『悟浄歎異』 著:中島敦 より一部抜粋 赤字が出題された箇所
我々にはなんの奇異もなく見える事柄も、悟空の眼から見ると、ことごとくすばらしい冒険の端緒だったり、
彼の壮烈な活動を促す機縁だったりする。もともと意味を有った外の世界が彼の注意を惹くというよりは、
むしろ、彼のほうで外の世界に一つ一つ意味を与えていくように思われる。
彼の内なる火が、外の世界に空しく冷えたまま眠っている火薬に、いちいち点火していくのである。
探偵の眼をもってそれらを探し出すのではなく、詩人の心をもって(恐ろしく荒っぽい詩人だが)彼に触れる
すべてを温め、(ときに焦がす惧れもないではない。)
そこから種々な思いがけない芽を出させ、実を結ばせるのだ。
だから、渠・悟空の眼にとって平凡陳腐なものは何一つない。
毎日早朝に起きると決まって彼は日の出を拝み、そして、はじめてそれを見る者のような驚嘆をもってその美に感じ入っている。

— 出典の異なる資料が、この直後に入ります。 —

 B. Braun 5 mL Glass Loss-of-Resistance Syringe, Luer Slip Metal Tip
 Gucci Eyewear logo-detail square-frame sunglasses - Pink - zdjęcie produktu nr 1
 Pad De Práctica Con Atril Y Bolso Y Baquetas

心の底から、溜息をついて、讃嘆するのである。これがほとんど毎朝のことだ。
松の種子から松の芽の出かかっているのを見て、なんたる不思議さよと眼を瞠るのも、この男である。
この無邪気な悟空の姿と比べて、一方、強敵と闘っているときの彼を見よ! なんと、みごとな、完全な姿であろう!

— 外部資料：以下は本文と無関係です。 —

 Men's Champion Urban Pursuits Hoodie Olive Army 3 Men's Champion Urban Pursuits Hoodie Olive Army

全身些かの隙(すき)もない逞しい緊張。律動的で、しかも一分のむだもない棒の使い方。
疲れを知らぬ肉体が歓び・たけり・汗ばみ・跳ねている・その圧倒的な力量感。
いかなる困難をも欣んで迎える強靱な精神力の横溢。
それは、輝く太陽よりも、咲誇る向日葵よりも、鳴盛る蝉よりも、
もっと打込んだ・裸身の・壮んな・没我的な・灼熱した美しさだ。
あのみっともない猿(さる)の闘っている姿は。
一月ほど前、彼が翠雲山中で大いに牛魔大王と戦ったときの姿は、
いまだにはっきり眼底に残っている。感嘆のあまり、俺はそのときの戦闘経過を詳しく記録に取っておいたくらいだ。